### DATASET RECORDS

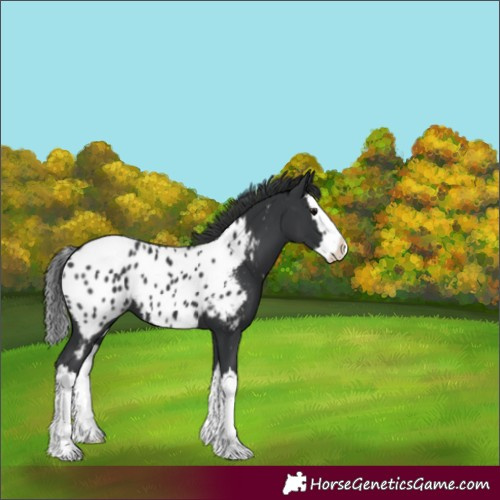 Horse Color:Black Splash Near Leopard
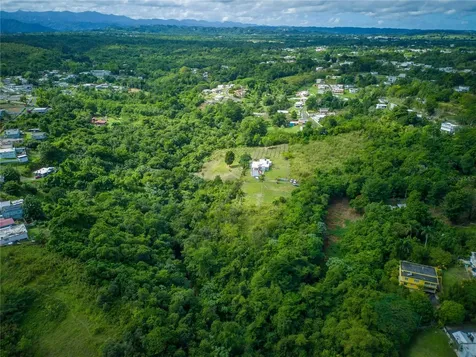 Carr 6645 Sec.narvaez Morovis PR 00687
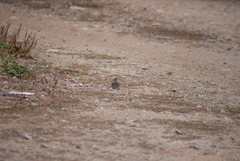 Junco hyemalis image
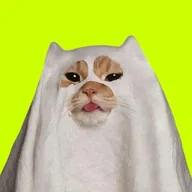 GHOSTCAT (GHOSTCAT) token icon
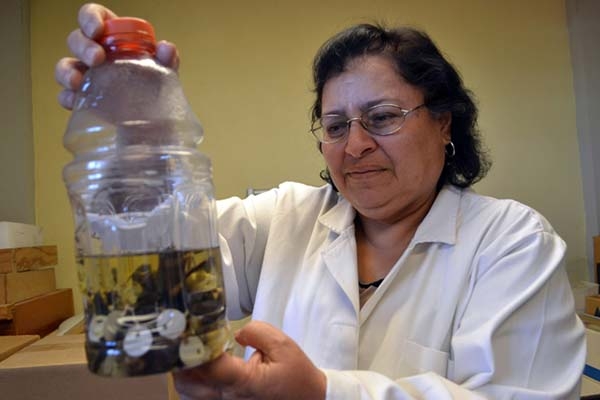 En Puebla vive el 60% de las especies de murciélagos que hay en México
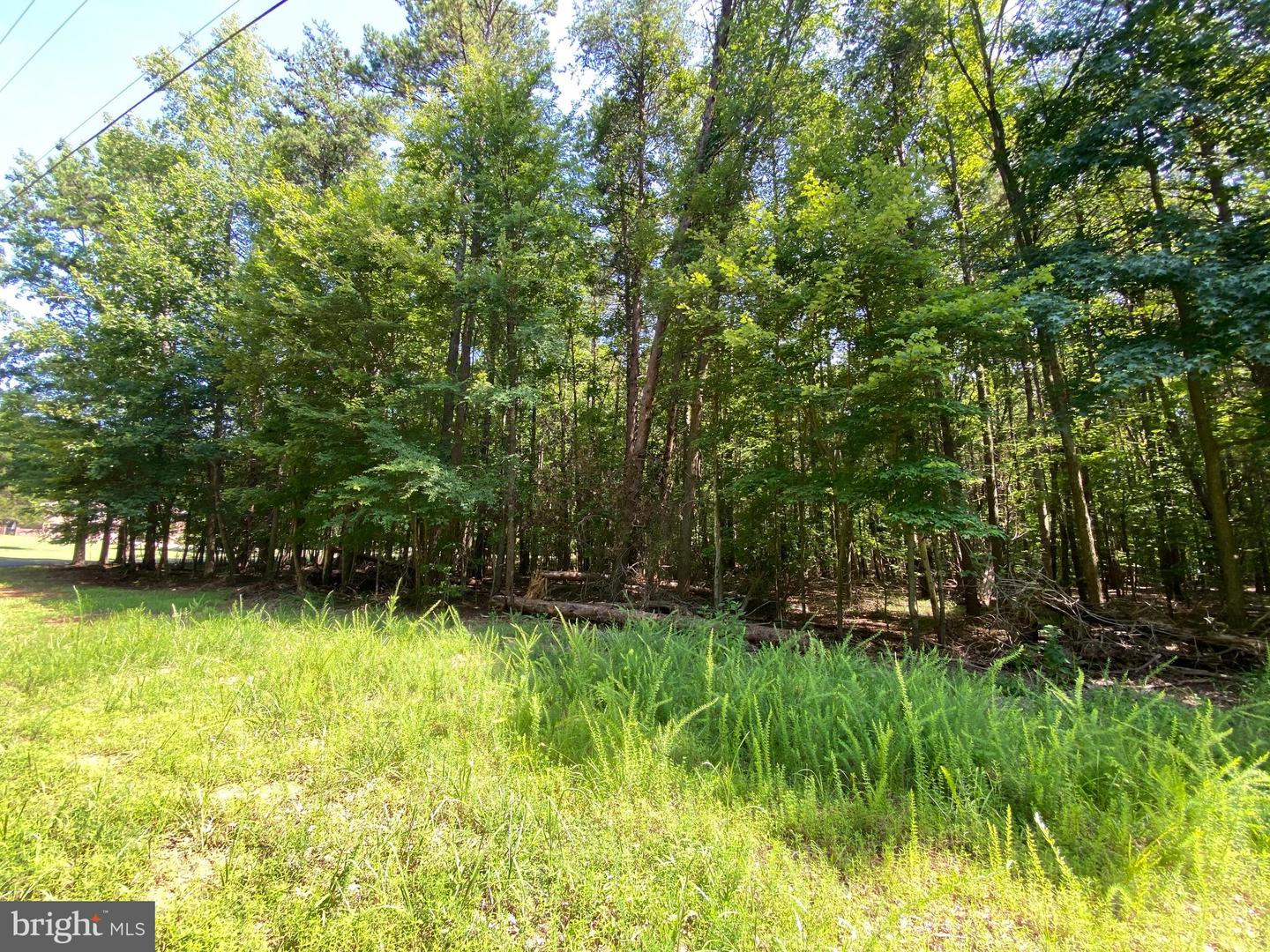 00 CARRIAGE LN, CLARKSVILLE, Virginia 23927, ,Land,For sale,00 CARRIAGE LN,VAMB2000068 MLS # VAMB2000068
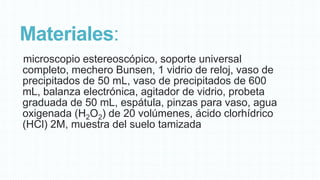 Materiales:
microscopio estereoscópico, soporte universal
completo, mechero Bunsen, 1 vidrio de reloj, vaso de
precipitados de 50 mL, vaso de precipitados de 600
mL, balanza electrónica, agitador de vidrio, probeta
graduada de 50 mL, espátula, pinzas para vaso, agua
oxigenada (H2O2) de 20 volúmenes, ácido clorhídrico
(HCl) 2M, muestra del suelo tamizada

 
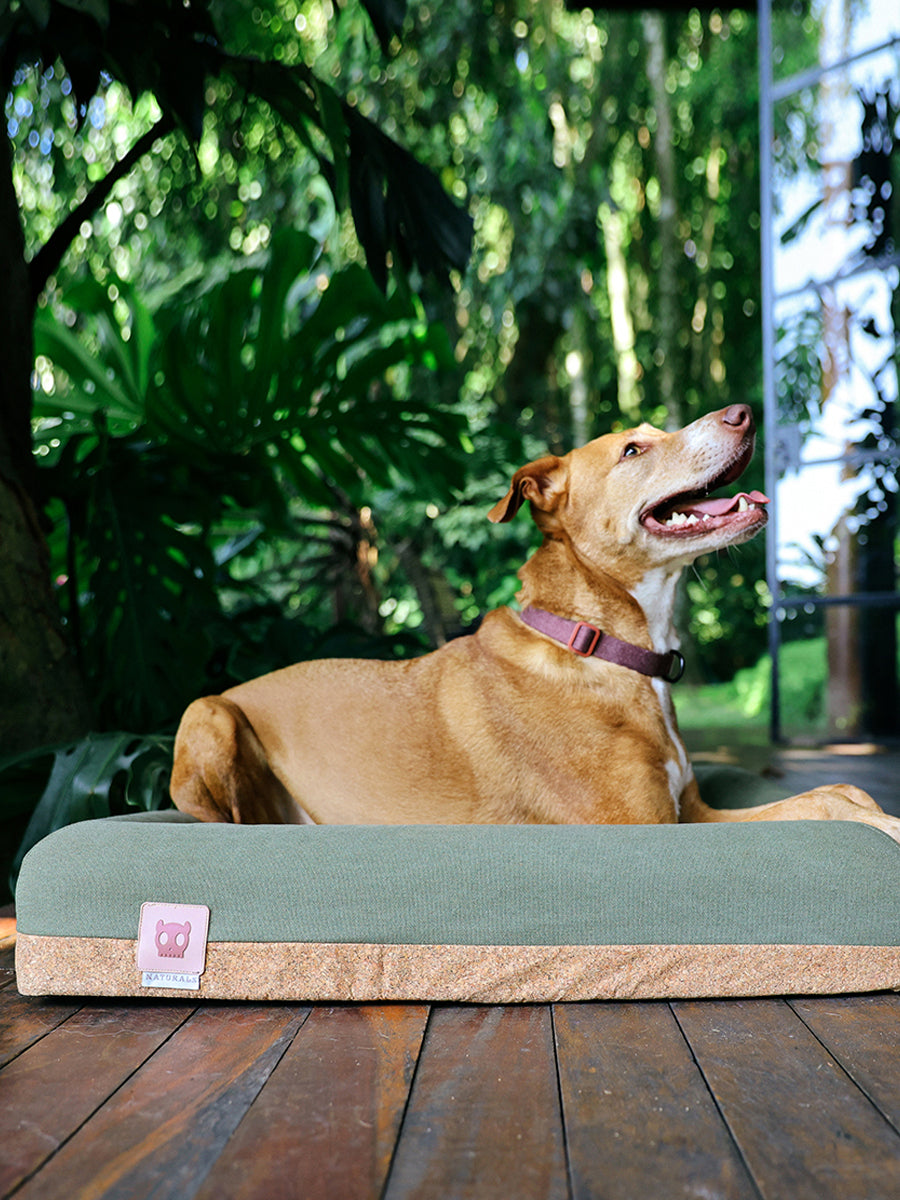 zee-dog-Panier-pour-chien-Zee.Bed-naturals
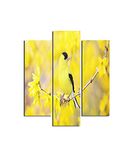 Homemania Wandafbeelding, vogels, 3-delig, dieren, woonkamer, slaapkamer, meerkleurig, 57 x 0,3 x 60 cm, HM203MDF280, MDF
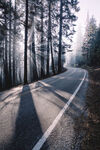 山林公路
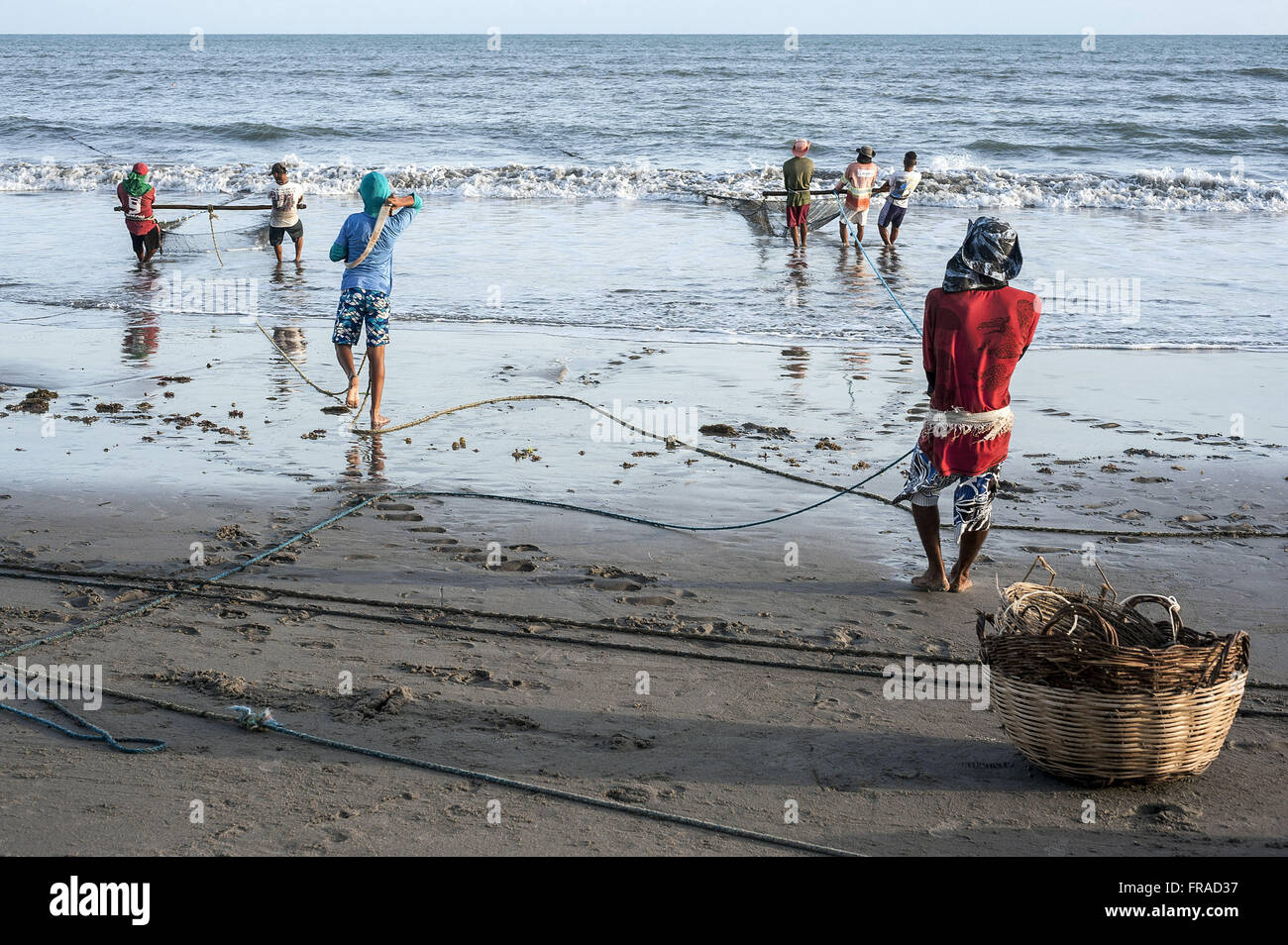 La pêche de crevettes et de sardines avec network Banque D'Images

######

The word "vidrio" may appear on some lines of these records; state how many such lines there are, and nothing else.

2